A spatchcock chicken can be cooked directly on the grate of your pellet grill. At roasting temperature, the chicken juices and rendered fats will drip onto the pellet grill’s heat deflector before they turn into steam that sizzles away and evaporates. That steam from the chicken adds additional flavor but can make a mess. Putting the spatchcock chicken on a wire rack atop a foil-lined baking sheet creates a similar effect but makes cleanup a bit simpler.

Here’s how it’s done:

  1. 1

    Preheat and prep the grill.

  2. Preheat your pellet grill to 225°F. Remove the chicken from its packaging, check the cavity and remove any giblets.
  3. 2

    How to spatchcock a chicken.

  4. Use kitchen shears, sturdy scissors or a chef’s knife to cut all along each side of the backbone, and remove the spine. Place the chicken cut-side down on a cutting board and press down firmly along the top of the breastbone to flatten it out. Wash the bird and pat dry.
  5. 3

    Season generously.

  6. Paint the cut or bone side of the bird with half of the oil, then season. Flip the bird over, repeat on the skin side. Tuck the wings in along the thighs to avoid burning the wing tips.
  7. 4

    Cooking instructions for smoking.

  8. Insert a digital probe thermometer into the thickest part of the breast meat without touching any bones. Place the bird in the center part of the grill and begin smoking. For a rich, smoky chicken flavor, smoke the bird until it reaches an internal temperature of 165°F.

How long to smoke spatchcock chicken?

Spatchcocking will help you get maximum smoke flavor on a chicken. It takes about four hours at 225°F to safely cook a five-pound bird, and regardless of cooking method you should cook to an internal temperature of 165°F. Cooking times can vary depending on the size of the bird and other variables, so it’s important to use a digital probe thermometer to monitor doneness.

Chef’s note: The light and dark meat will be delicious for sandwiches or a salad when smoked this way, but the chicken skin may turn out pliable and less appealing.

If you prefer crispier, golden brown skin, smoke the chicken for one hour at 225°F, then increase the temperature of your pellet grill to 375°F. Continue to cook until the chicken reaches an internal temperature of 165°F, and the skin has browned to your liking. Allow your chicken to rest for 10 minutes before slicing.

Why pellet smoke spatchcock chicken?

One of the advantages of cooking smoked spatchcock chicken in a pellet smoker is ease of operation.

Not long ago, smokers were cheaply designed and cumbersome. They were poorly built and temperature regulation was challenging. An especially hot or cool day could influence the smoking temperature enough to make cooking food safely a real challenge. Fortunately, pellet grills are designed better. They are thermostatically controlled just like your oven and have better ergonomics than clunky cabinet smokers. All you have to do is set the pellet grill to your desired temperature and you’ll be cooking in no time flat.
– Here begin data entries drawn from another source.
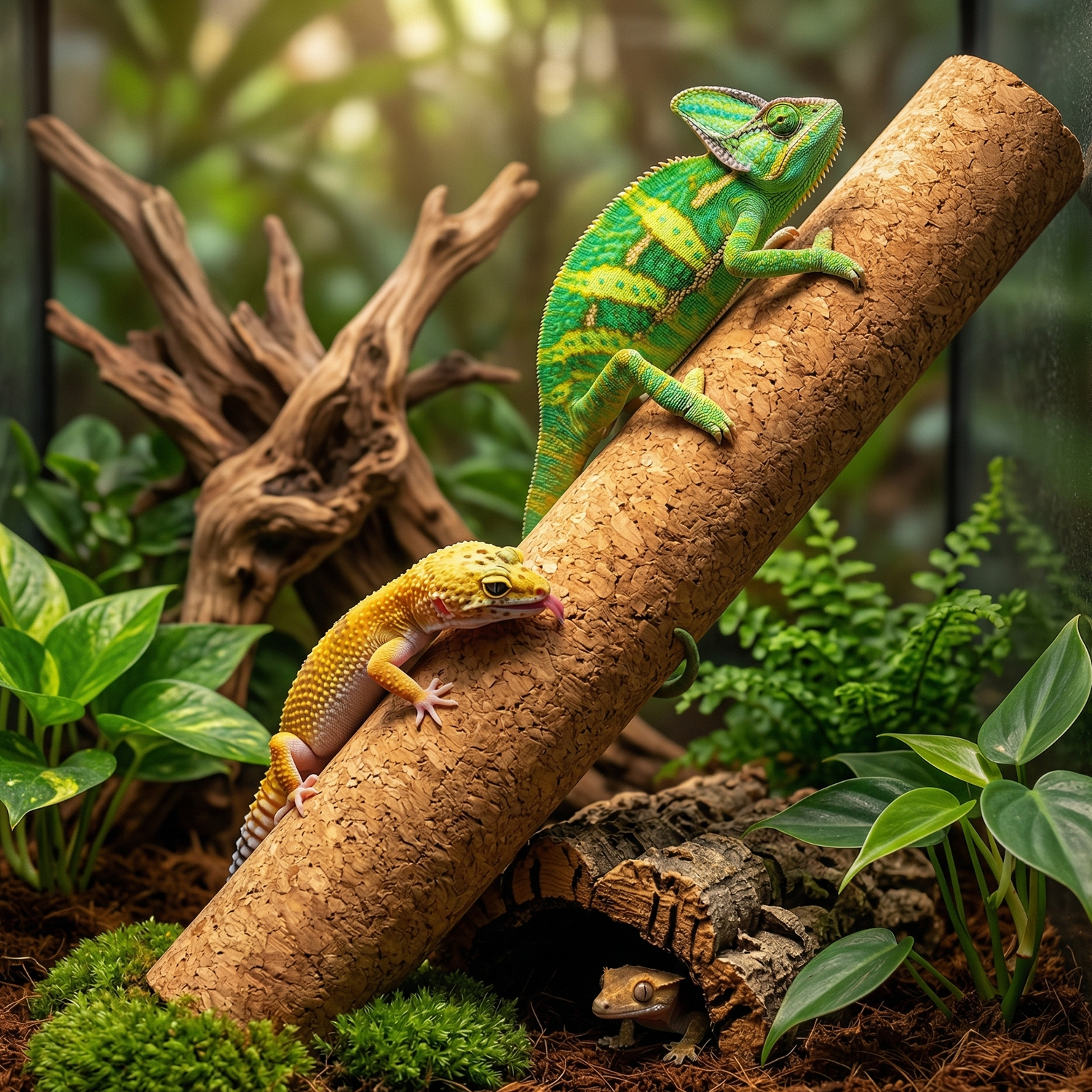 Bâton liège naturel cylindrique installé diagonale 45° terrarium 
tropical spectaculaire, caméléon voilé vert jaune grimpant tiers 
supérieur griffes texture parfaite, gecko léopard jaune mi-bâton 
langue exploration, gecko juvénile base cachette yeux visibles ombre, 
décoration organique tons miel substrat fibre coco mousse verte 
pothos fougère fond bokeh naturel, lumière tropicale dappled chaude, 
quatre rôles un seul accessoire nature authentique, format JPG 1:1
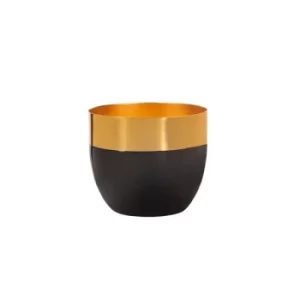 Image of Sass & Belle Polished Gold & Black Metal Planter Small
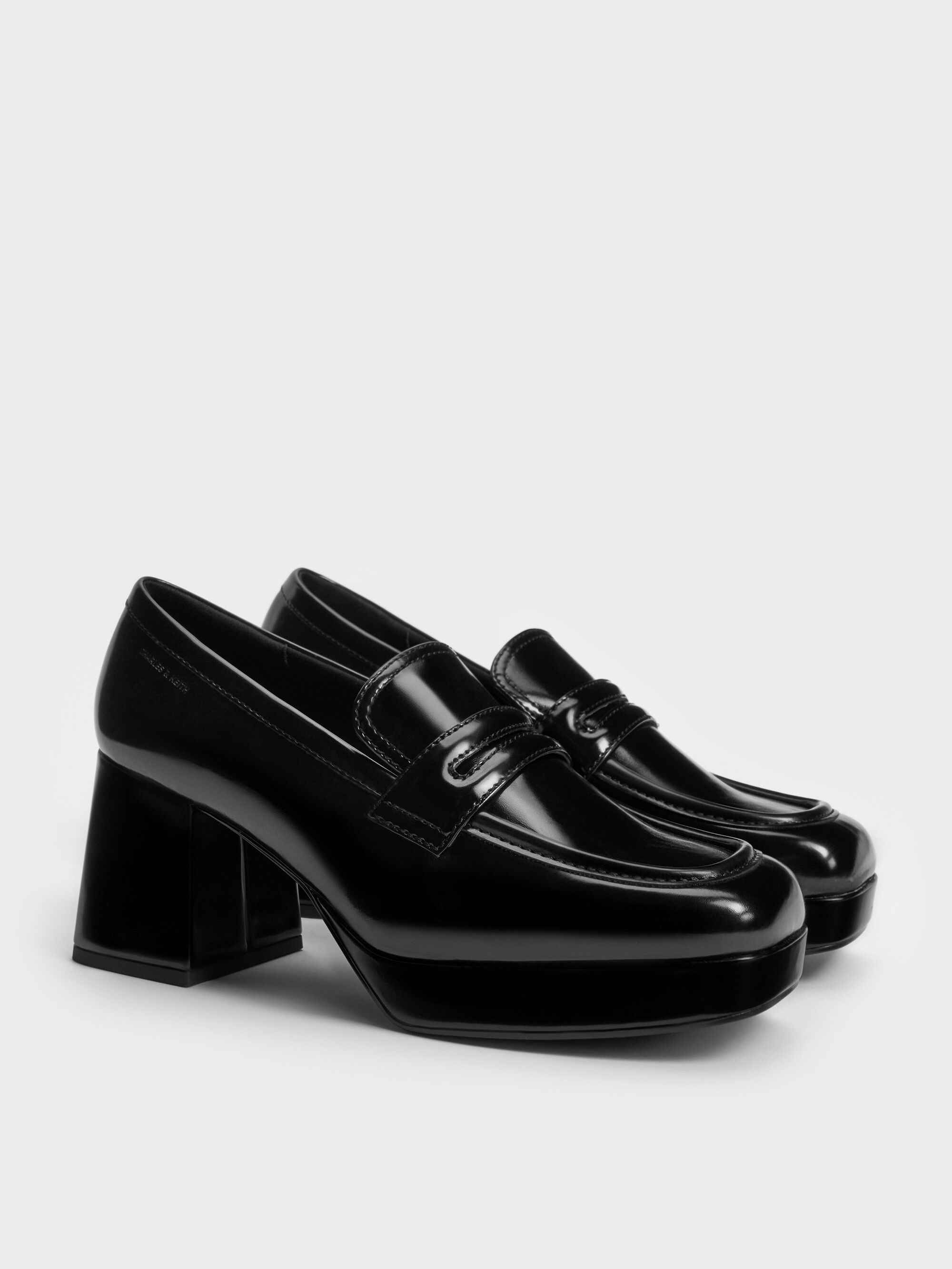 Black Box Platform Block-Heel Loafer Pumps - Black Box - CHARLES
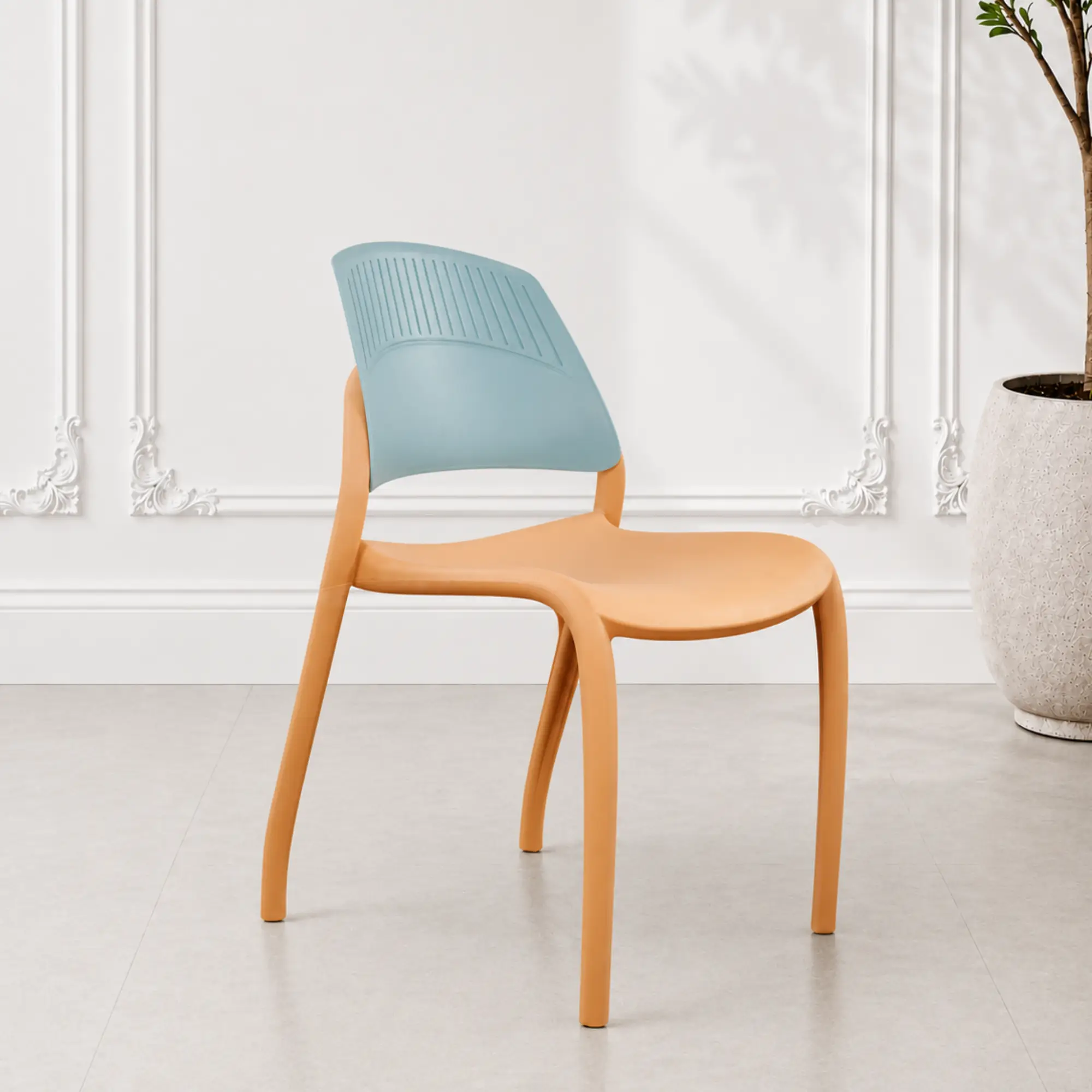 Riviera Cafe Chairs (Set of 6)| 3 Year Warranty | 120KG Capacity | Full PP Plastic Stackable Chair | Indoor Outdoor Dining Balcony Garden Restaurant Chair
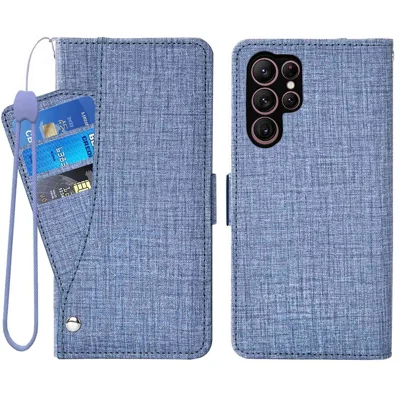 For Samsung Galaxy S23 Ultra Case Jean Cloth Texture PU Leather Wallet Phone Cover with Rotating Card Slots - Blue
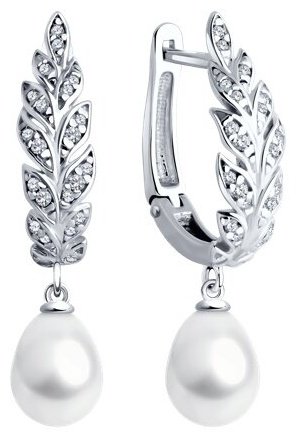 Серьги SOKOLOV 92022966 вес 5.84 г серебро, жемчуг, фианит купить,30873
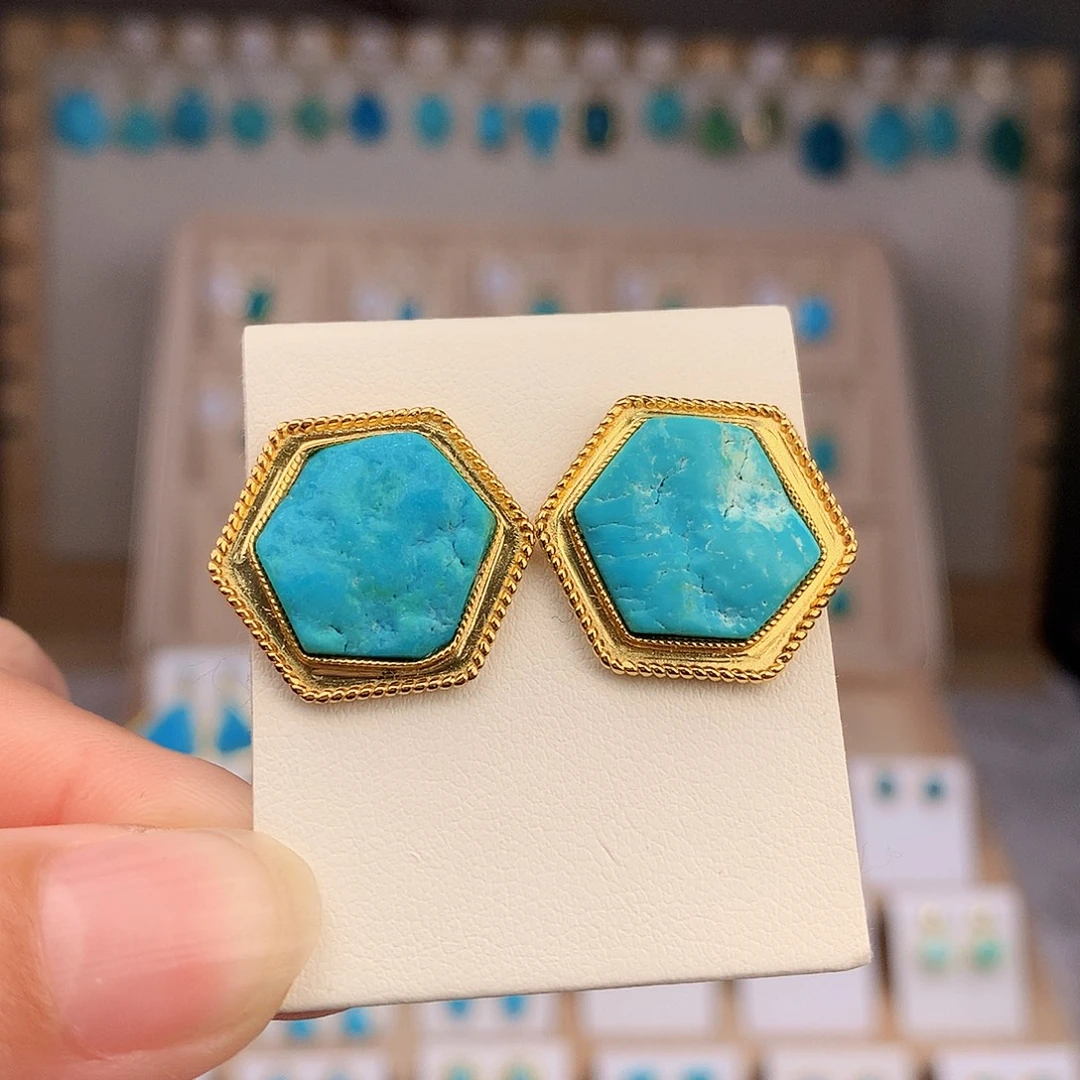 银S925镶嵌绿松石耳饰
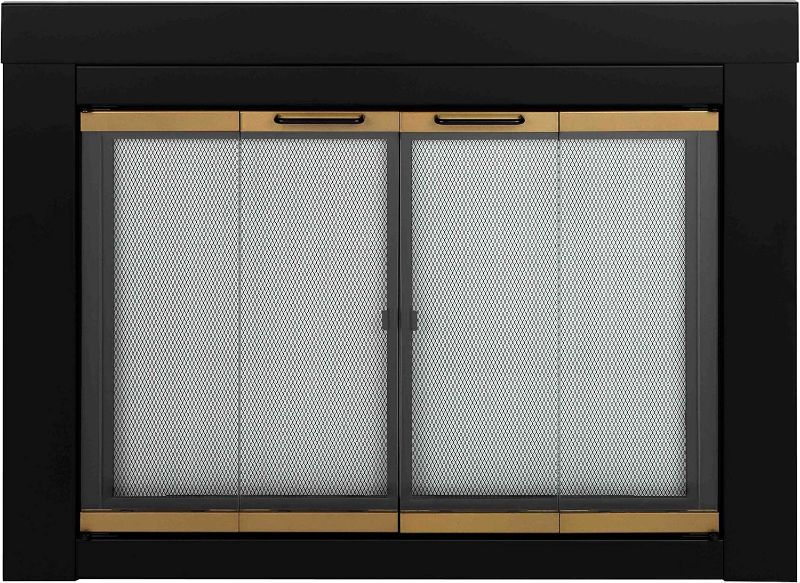 Photo 1 of Pleasant Hearth AR-1022 Arrington Fireplace Glass Door, Black, Large
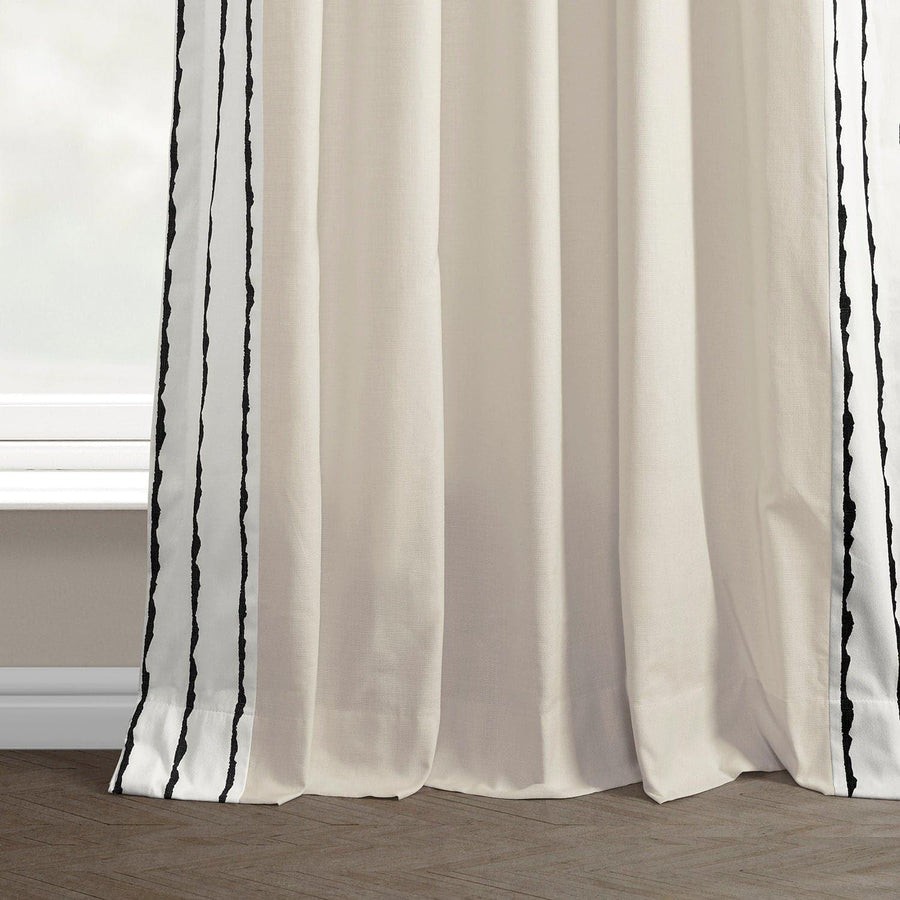 Sharkskin Black Striped Bordered Cotton Curtain - HalfPriceDrapes.com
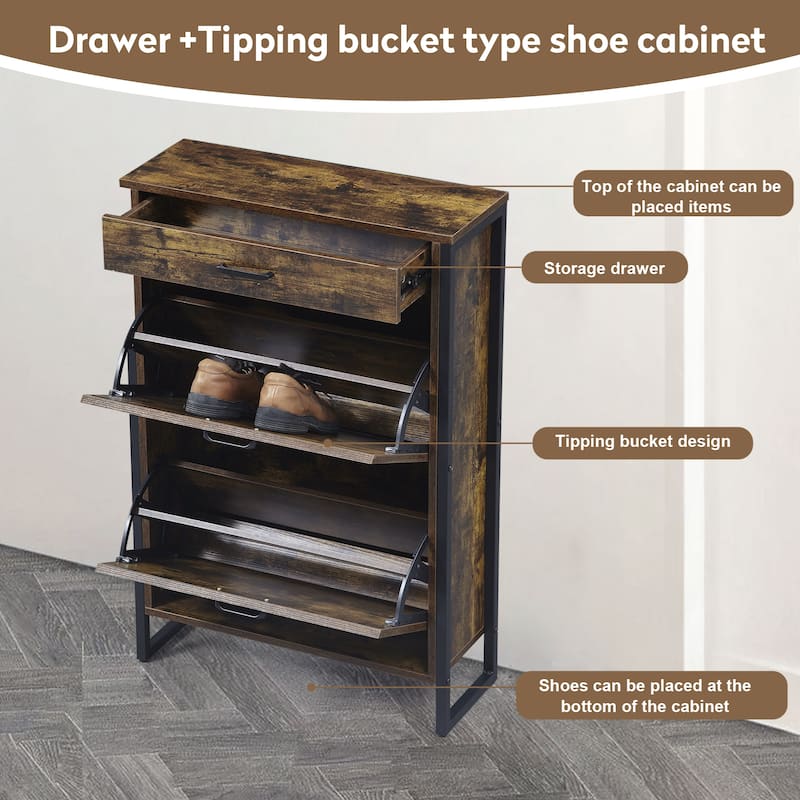 Wood Hidden Shoe Cabinet with 2 Flip Drawers for Hallway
Because pellet grills operate like a smoky, flavorful oven, we know that the temperature will remain constant throughout the cook. This peace of mind means you’ll be free to do things other than worry about tending to the smoke and fire while the chicken cooks.

Another advantage of the pellet smoker is the various types of wood flavors available for cooking. Any Kingsford® Hardwood Pellets work well with this dish, and with five different flavor profiles to choose from, you’ll have no trouble finding one that fits your tastes.